Johns had previously played Barlow in the Z-Cars, Softly, Softly and Softly, Softly: Taskforce series on BBC television during the 1960s and early 1970s. Barlow at Large began as a three-part self-contained spin-off from Softly, Softly: Taskforce in 1971 with Barlow co-opted by the Home Office to investigate police corruption in Wales. Johns left Softly, Softly for good in 1972, but returned for a further series of Barlow at Large in the following year, Barlow having gone on full-time secondment to the Home Office. This second series, rather than telling one story in serial form, as the 1971 series had, was instead ten 50-minute episodes, each with a self-contained story (this would be the format of all subsequent series). In this series, Barlow was supported by Norman Comer as Detective Sergeant Rees, who had been helpful to him during the first series.
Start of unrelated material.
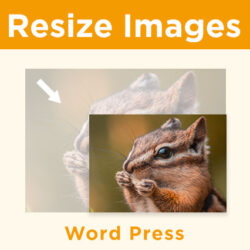 wordpressで、リサイズされる画像の自動生成を停止する方法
He also had to deal with the political machinations of the senior civil servant Fenton (Neil Stacy).

In 1974 the series was retitled Barlow and a further two series of eight episodes each followed, introducing the character of Detective Inspector Tucker, played by Derek Newark. The final episode was transmitted in February 1975. The Barlow character was seen again in the series Second Verdict in which he, along with his former colleague John Watt (Frank Windsor), looked into unsolved cases and unsafe convictions from history.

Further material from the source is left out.